━━━ EXTRACTED DATA ━━━

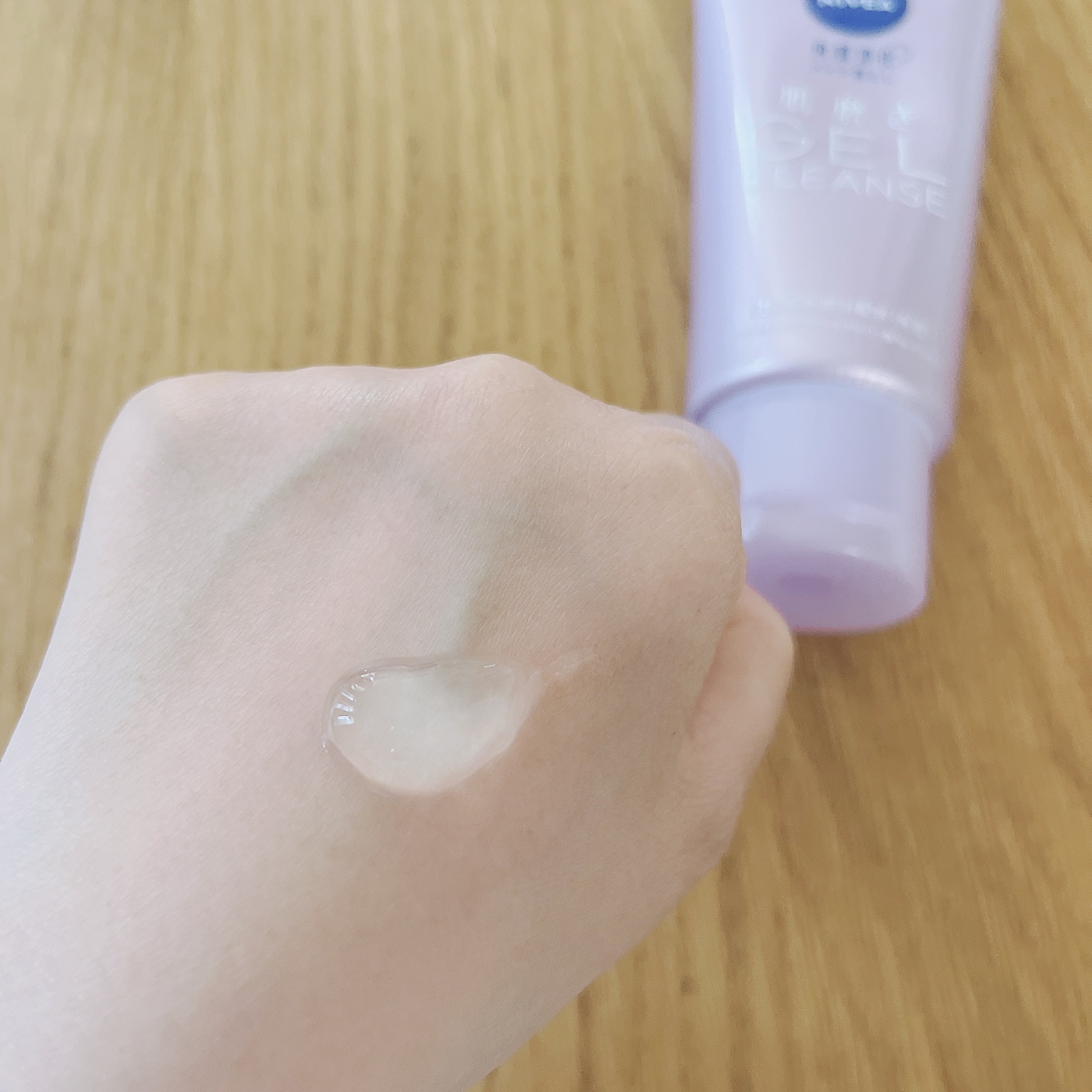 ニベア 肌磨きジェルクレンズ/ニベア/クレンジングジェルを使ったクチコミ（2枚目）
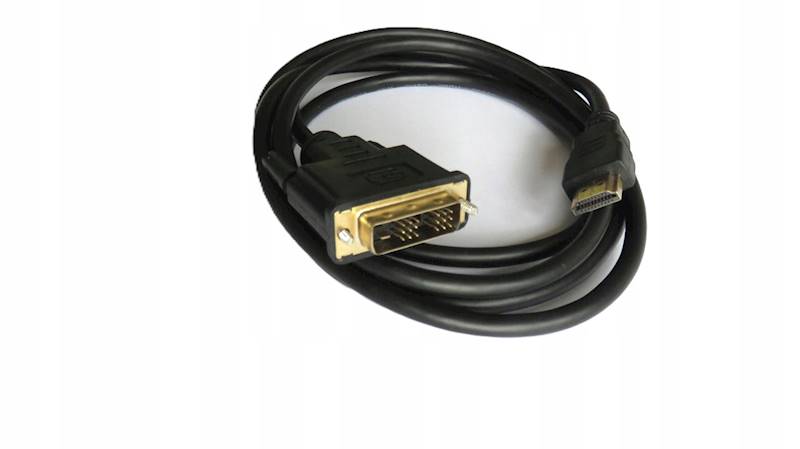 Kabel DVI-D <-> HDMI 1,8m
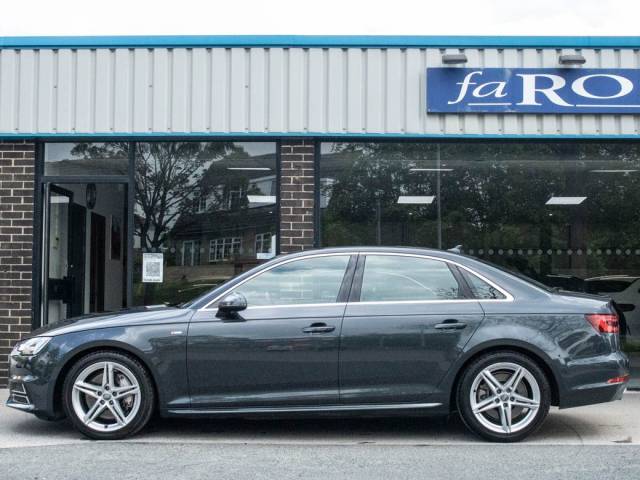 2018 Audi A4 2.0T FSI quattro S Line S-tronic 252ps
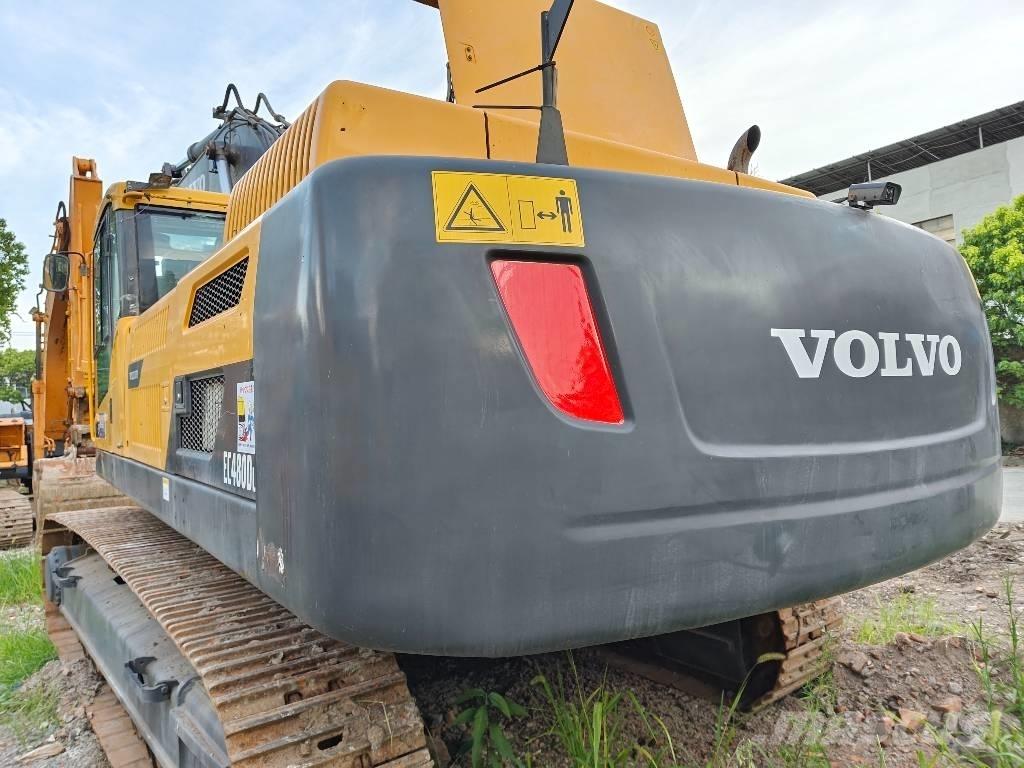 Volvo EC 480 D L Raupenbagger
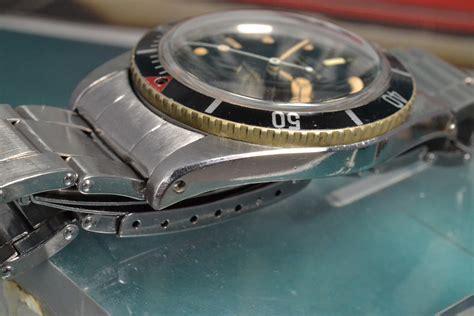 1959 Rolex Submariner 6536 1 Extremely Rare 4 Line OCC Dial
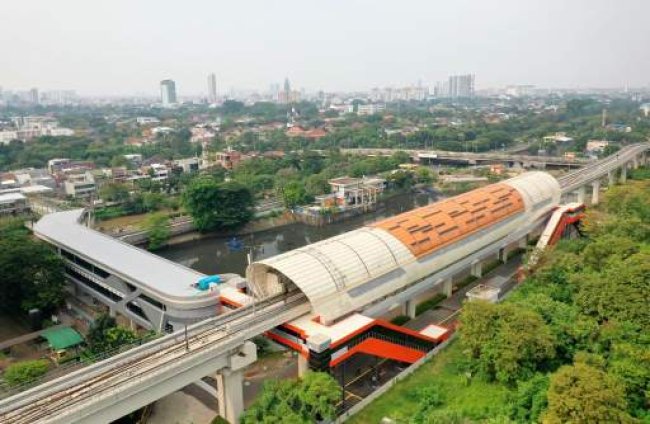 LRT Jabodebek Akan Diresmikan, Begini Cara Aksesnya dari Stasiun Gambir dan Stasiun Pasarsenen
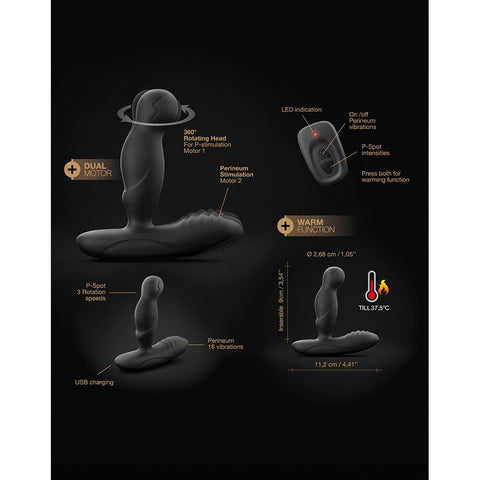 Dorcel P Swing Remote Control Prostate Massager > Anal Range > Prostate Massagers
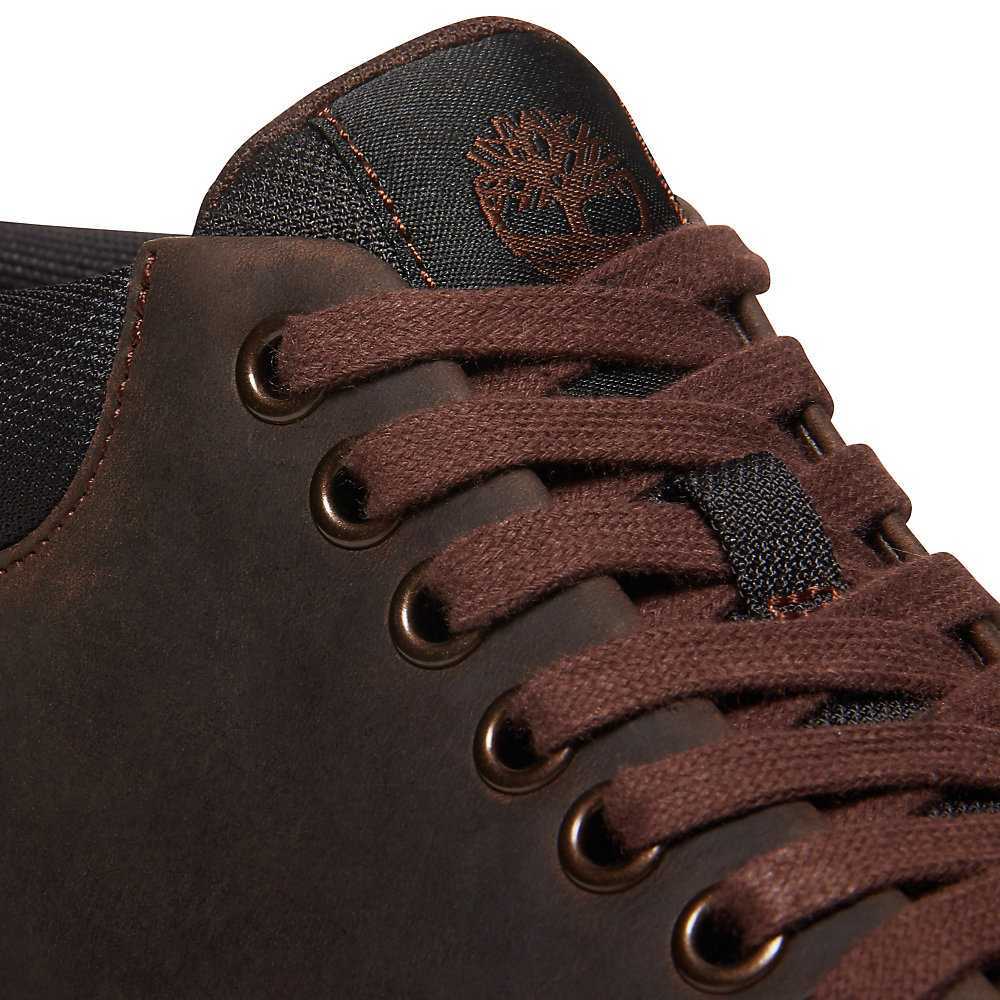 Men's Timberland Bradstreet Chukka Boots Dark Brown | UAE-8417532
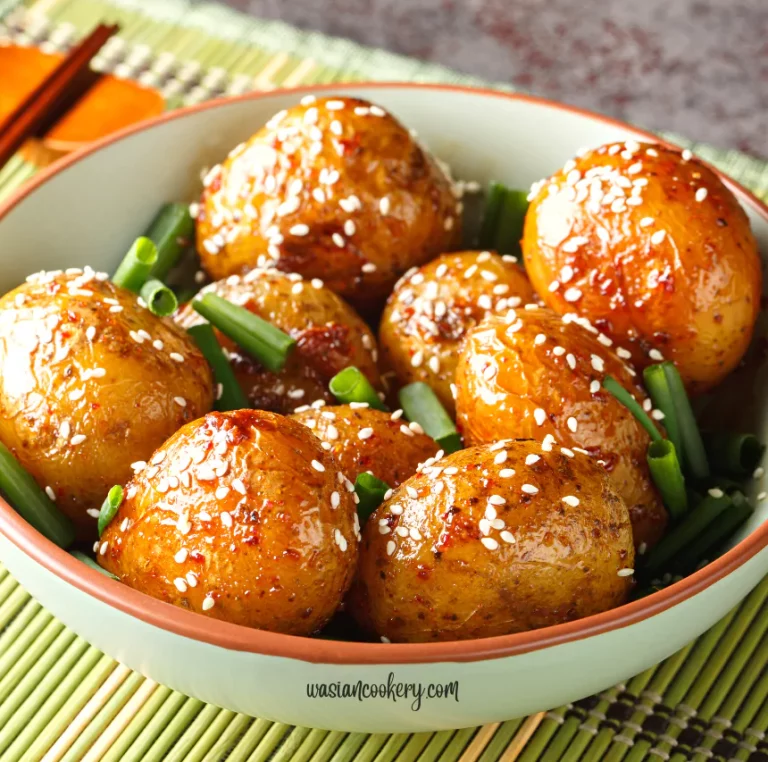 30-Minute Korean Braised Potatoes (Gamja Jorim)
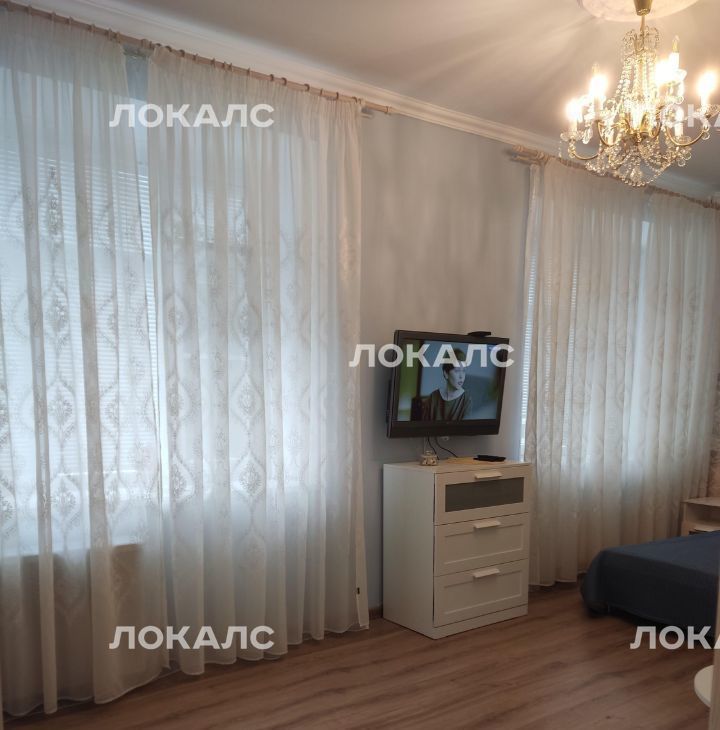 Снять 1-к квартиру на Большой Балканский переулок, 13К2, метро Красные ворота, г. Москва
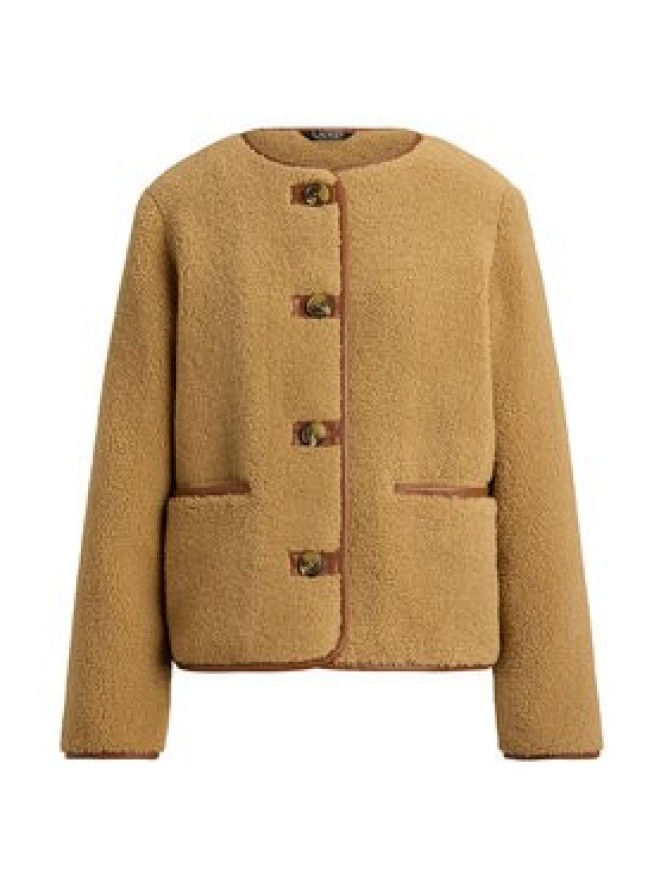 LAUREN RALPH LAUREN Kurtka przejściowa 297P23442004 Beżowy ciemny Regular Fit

━━━

→ **PROMPT**
An exact, word-for-word version of the material is required, free of pictures.

→ **TASK RESPONSE**
 ニベア 肌磨きジェルクレンズ/ニベア/クレンジングジェルを使ったクチコミ（2枚目）
 Kabel DVI-D <-> HDMI 1,8m
 2018 Audi A4 2.0T FSI quattro S Line S-tronic 252ps
 Volvo EC 480 D L Raupenbagger
 1959 Rolex Submariner 6536 1 Extremely Rare 4 Line OCC Dial
 LRT Jabodebek Akan Diresmikan, Begini Cara Aksesnya dari Stasiun Gambir dan Stasiun Pasarsenen
 Dorcel P Swing Remote Control Prostate Massager > Anal Range > Prostate Massagers
 Men's Timberland Bradstreet Chukka Boots Dark Brown | UAE-8417532
 30-Minute Korean Braised Potatoes (Gamja Jorim)
 Снять 1-к квартиру на Большой Балканский переулок, 13К2, метро Красные ворота, г. Москва
 LAUREN RALPH LAUREN Kurtka przejściowa 297P23442004 Beżowy ciemny Regular Fit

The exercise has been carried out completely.